Scraped caption text data:

============

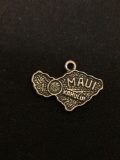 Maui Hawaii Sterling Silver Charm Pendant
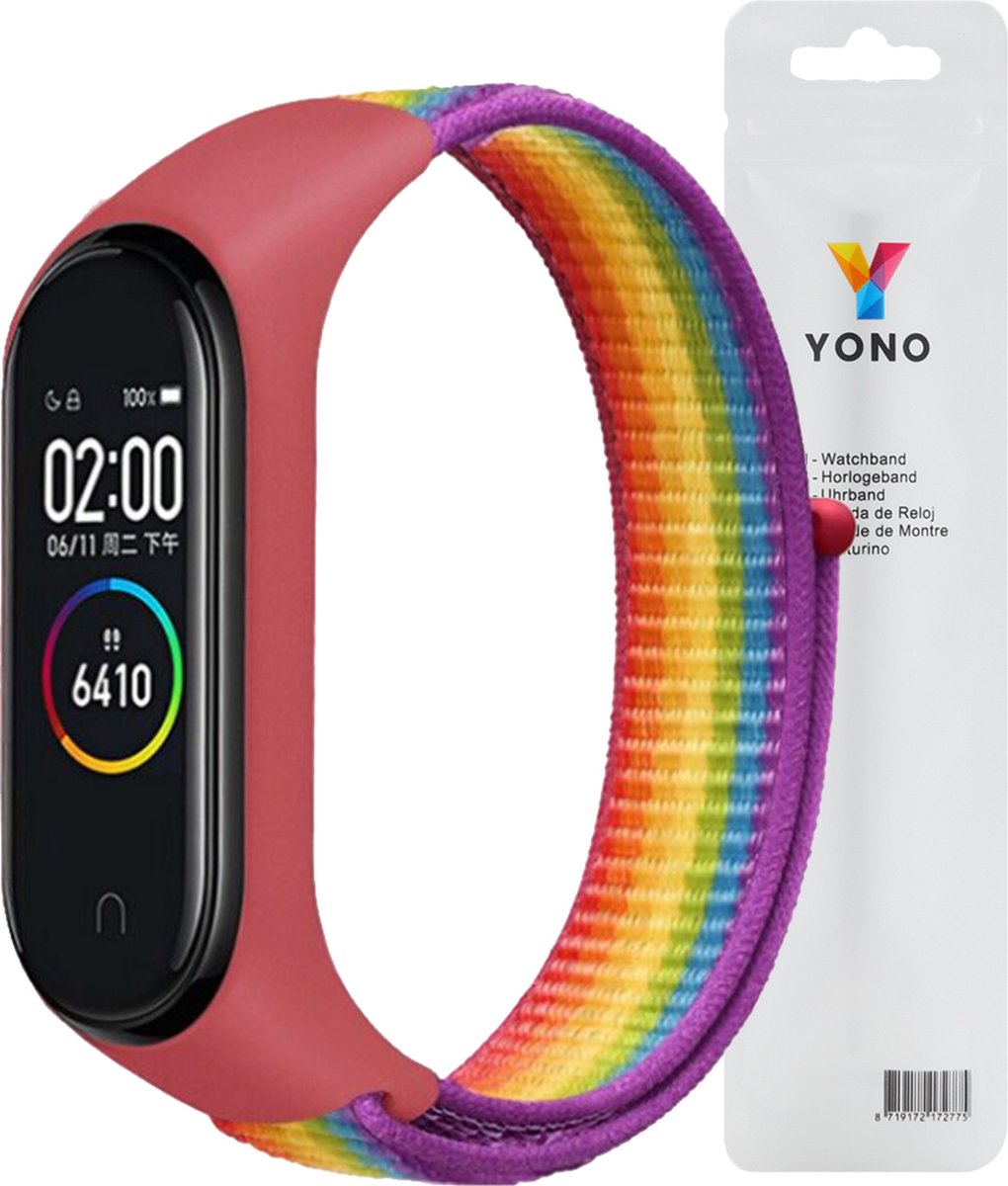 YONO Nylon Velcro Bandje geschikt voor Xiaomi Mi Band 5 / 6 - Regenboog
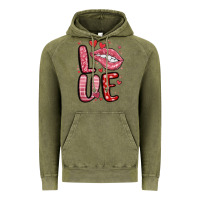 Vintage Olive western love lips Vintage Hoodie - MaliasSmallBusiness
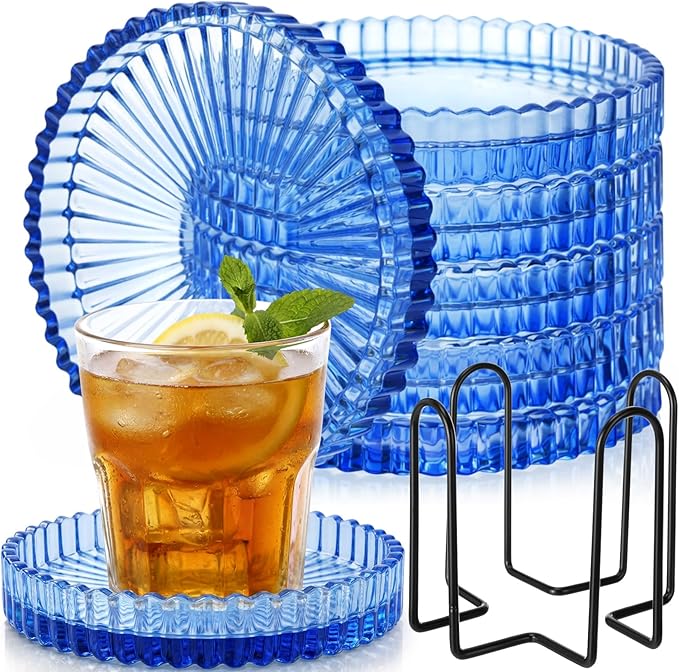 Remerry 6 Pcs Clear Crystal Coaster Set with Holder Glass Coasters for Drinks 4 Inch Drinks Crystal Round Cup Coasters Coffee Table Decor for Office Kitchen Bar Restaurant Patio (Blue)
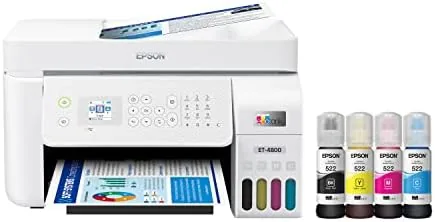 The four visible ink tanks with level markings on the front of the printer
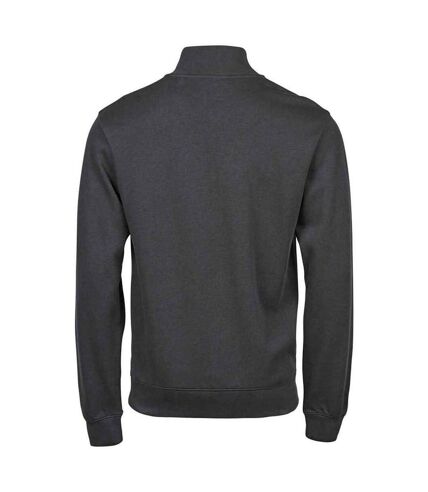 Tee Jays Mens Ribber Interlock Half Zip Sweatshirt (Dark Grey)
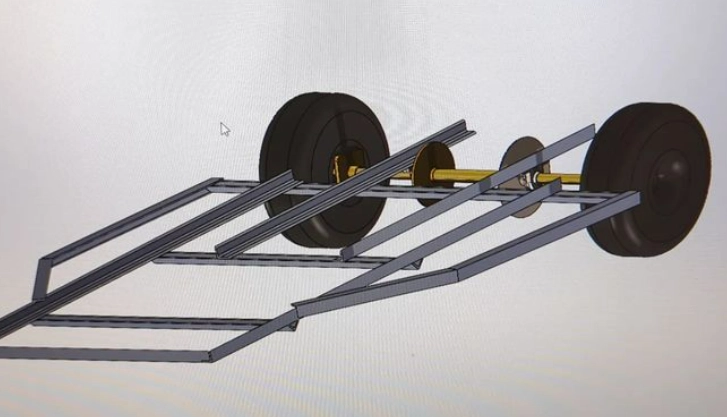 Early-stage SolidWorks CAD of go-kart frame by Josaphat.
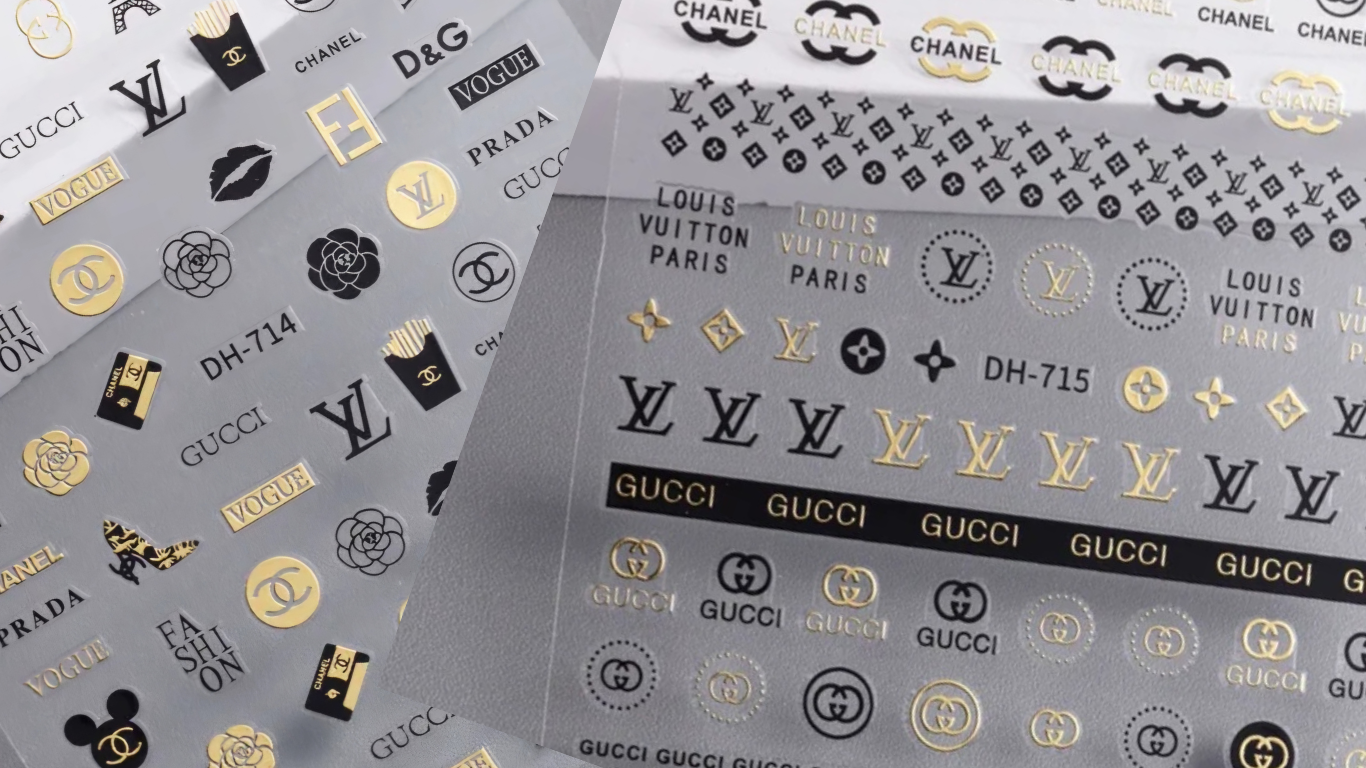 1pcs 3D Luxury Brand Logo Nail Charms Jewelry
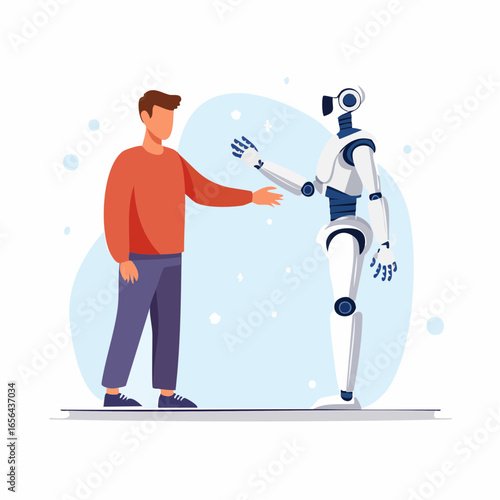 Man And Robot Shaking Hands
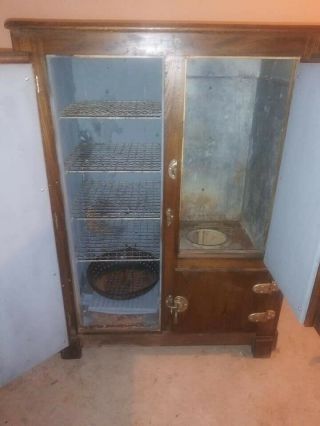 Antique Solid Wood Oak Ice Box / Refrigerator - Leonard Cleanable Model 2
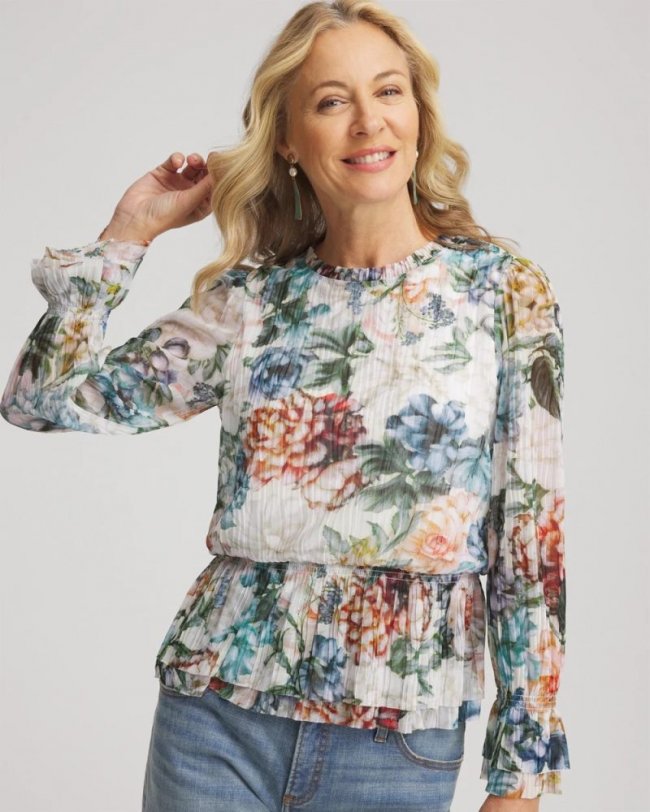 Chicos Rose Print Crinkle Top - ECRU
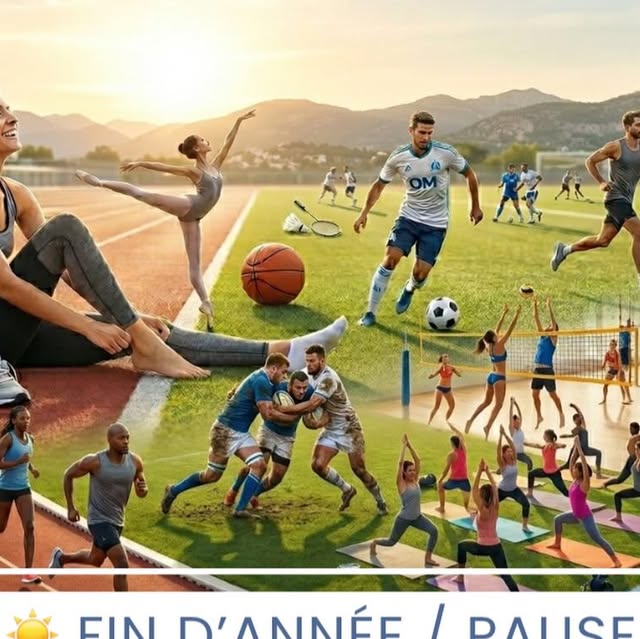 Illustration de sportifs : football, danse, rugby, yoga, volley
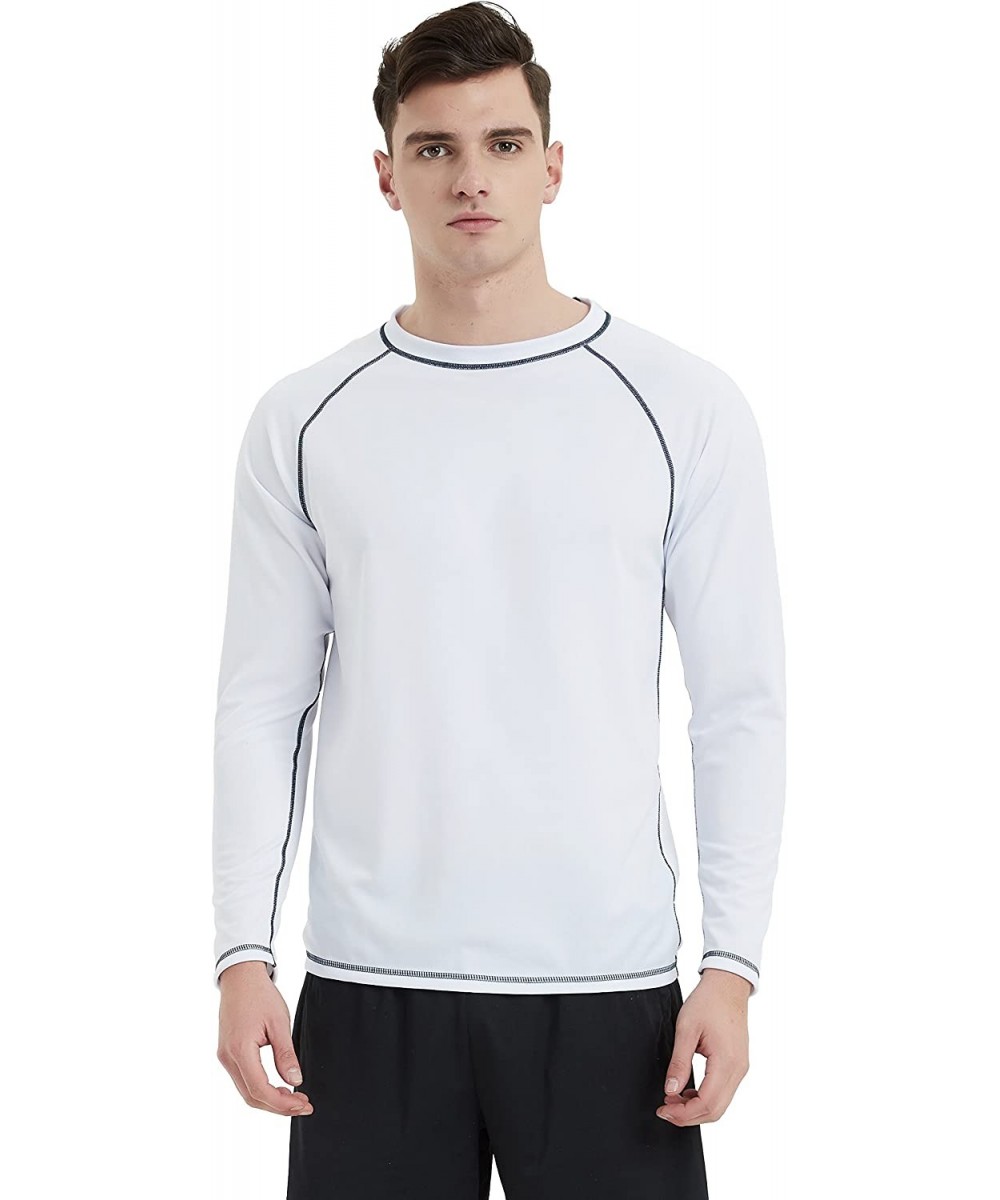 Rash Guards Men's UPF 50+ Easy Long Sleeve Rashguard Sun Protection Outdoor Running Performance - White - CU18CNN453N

============

Exercise aim:
Beginning at the line with "Illustration de sportifs", reproduce each line exactly through the last line of the records above, with pictures left out.

Exercise output:
 Illustration de sportifs : football, danse, rugby, yoga, volley
 Rash Guards Men's UPF 50+ Easy Long Sleeve Rashguard Sun Protection Outdoor Running Performance - White - CU18CNN453N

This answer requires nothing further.